Reality is always stranger than fiction and this aphorism also applies to Law. This is demonstrated by the latest news regarding Ana Obregón, a case that has stirred the interest of society like few others and has highlighted the complexity of Family Law.
What is posed these days seems typical of a laboratory question, of an academic lucubration. And yet, it has been raised in reality. Is it possible in Spain to be the mother of your child’s child through post-mortem fertilization through the surrogate motherhood technique? The answer is definitely no.
Let’s go by parts. In Spain, surrogate motherhood is prohibited. The filiation of the child is determined by the birth: the woman who gives birth is the mother. On the other hand, post-mortem fertilization with the man’s genetic material is allowed, as long as he has given written consent in order to complete the paternity project started with his partner and suspended due to the man’s death, regardless whether or not they were married.
Post-mortem fertilization is also allowed as a procedure to have offspring from the man if he gave his written consent, whether he was a husband or a common-law partner, and regardless of whether they had started a paternity project before the death. In any case, there is a period of twelve months after the death of the man to use the reproductive material.
And to finish unraveling the initial question, it must be emphasized that in Spain descendants cannot be adopted. Therefore, a grandmother cannot adopt her grandson, only guardianship is possible.
Now the question is what happens when the surrogate motherhood process is legal in the country where it was carried out. Should Spain accept the effects of foreign legality? Does it become legal what for the purposes of our legal system is not? The answer is it depends.

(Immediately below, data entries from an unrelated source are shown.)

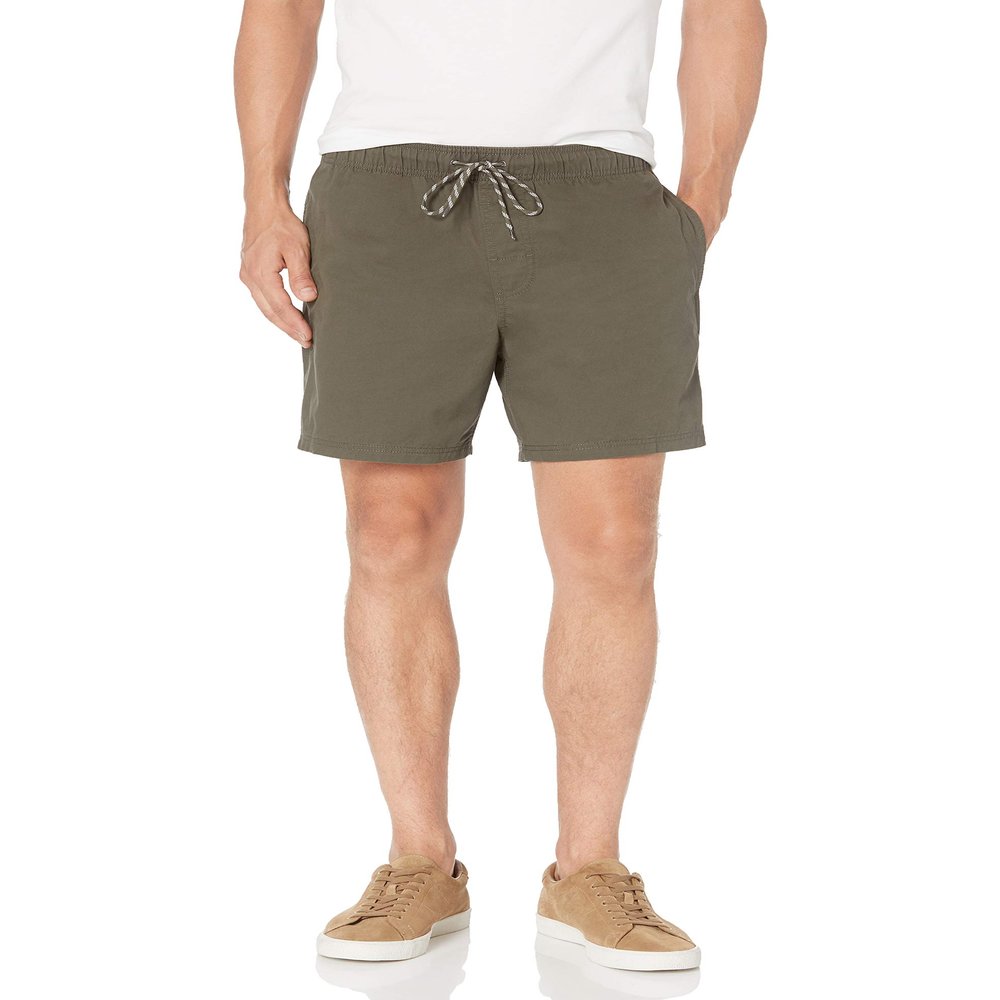 Amazon Essentials Men's 6" Inseam Drawstring Pull-On Twill Shorts, Dark Olive, X-Small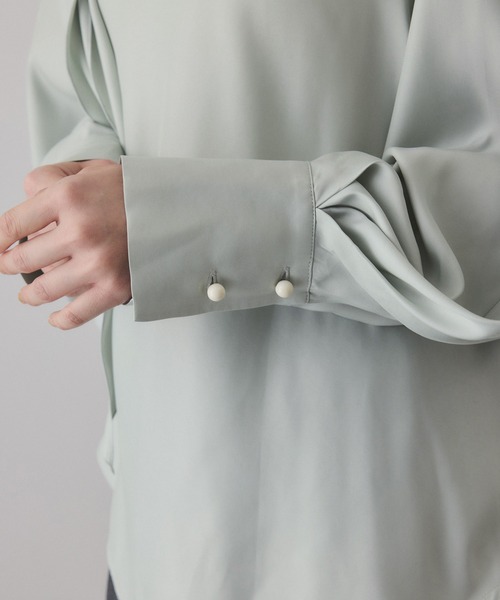 ADAM ET ROPE'（アダムエロペ）の「フィブリルロンTEEスカーフブラウス（シャツ/ブラウス・レディース・オフホワイト/ブラック/ライトグリーン・FREE）」の10枚目の写真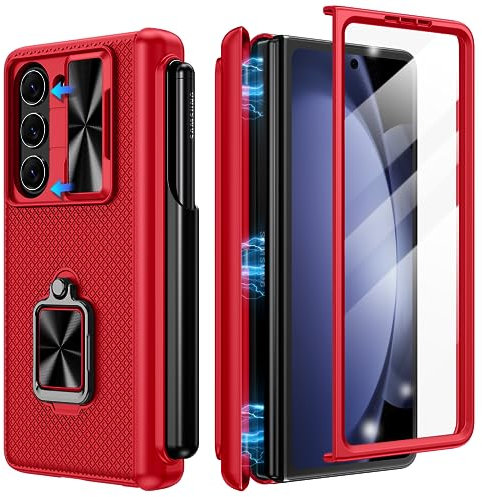 Doeshine for Samsung Galaxy Z Fold 5 Case with 360° Ring Kickstand, Red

Should Spain accept the effects of foreign legality? Depends
It is necessary to start from the premise that Spanish criminal laws apply to events that occur in Spanish territory. Therefore, if the surrogate motherhood process, with the particularities of the case discussed, has not been carried out in Spain and has been carried out in a country where it is legal, no crime has been committed in our country.
In the United States, surrogacy is allowed in most states and each has its own rules. The use of the semen of a deceased man is also legal in the North American country and its use is not limited exclusively to the partner of the deceased, as is the case in Spain.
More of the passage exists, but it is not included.